Long ago, William Morris established drawing design inspiration from nature as one of the tenants of the Arts & Crafts movement. Knowing this, and being a fan of wood, I’ve always wanted to see California’s coastal redwoods. I recently checked this off my ToDo list.
When I arrived, I was awe-struck by what a peaceful and tranquil place groves (and forests) of redwoods are. I eventually learned I was hearing the presence of tannins — or more accurately the by-product of tannins. I normally think of tannins as a critical component of the fuming process; but now I will also remember them as the genisus of the peaceful, quiet environment that exists in redwood forests. Redwoods contain a significant amount of tannins, much higher levels than the typical white oak tree both in density, and quantity — because they are much larger trees.
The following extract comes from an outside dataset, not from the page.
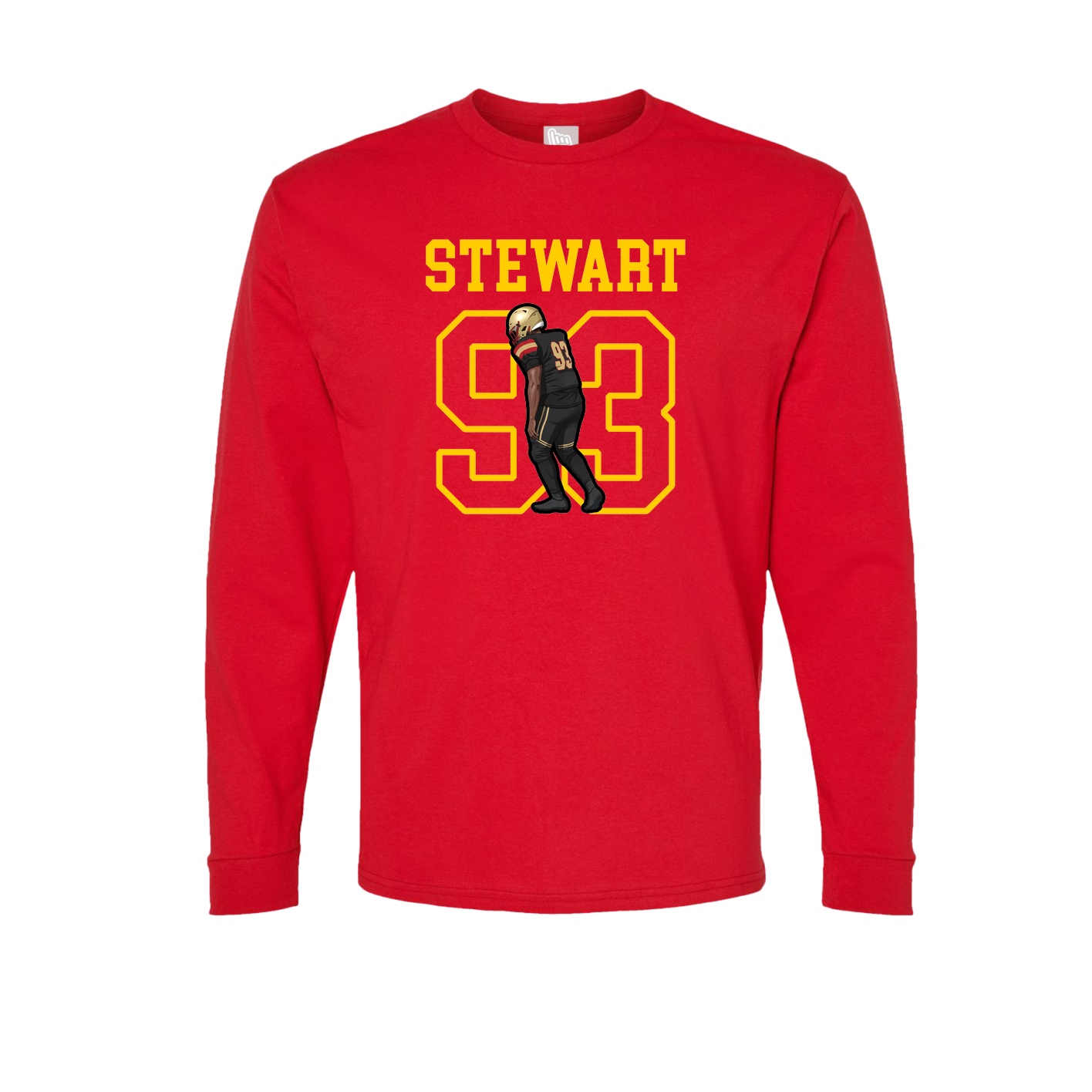 Long Sleeve Tee — Shirsey in Red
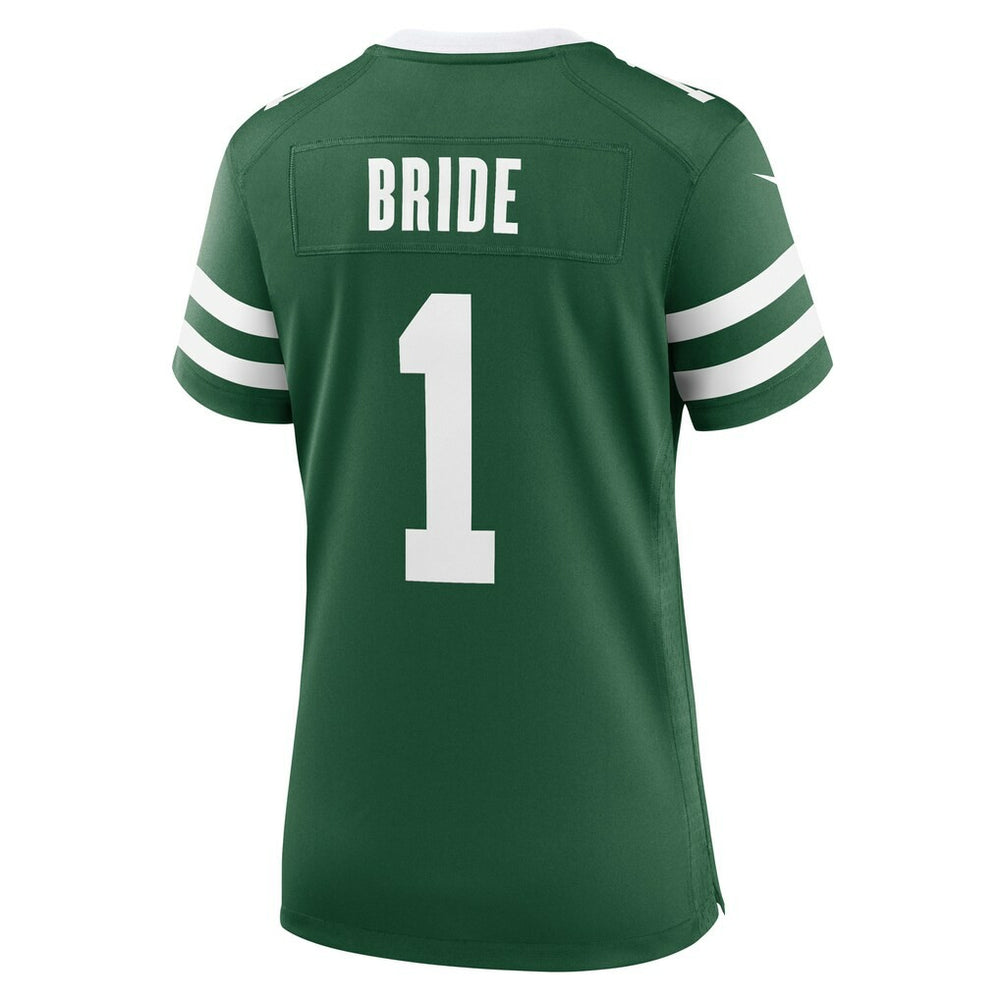 Number 1 Bride New York Jets Women's Game Jersey - Legacy Green cheap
It is one of the reasons why they live so long–the high levels of tannins provide a barrier that prevents infestation from termites and other harmful insects. The absence of bugs renders the redwood forest a less than ideal place for birds to live, and hence creates a quite, peaceful atmosphere. But it is what you hear in the absence of wildlife that made it truly inspiring to me.
When a subtle breeze winds its way through these groves, these gentle giants come to life, swaying and sometimes rubbing against one another. And that is when you hear the unmistakable sound of creaking wood. Not the BANG or CRACK we hear in the shop when a processed and dried board moves, but the subtle creaking of really big, really old, really ALIVE wood. It, is a very cool sound.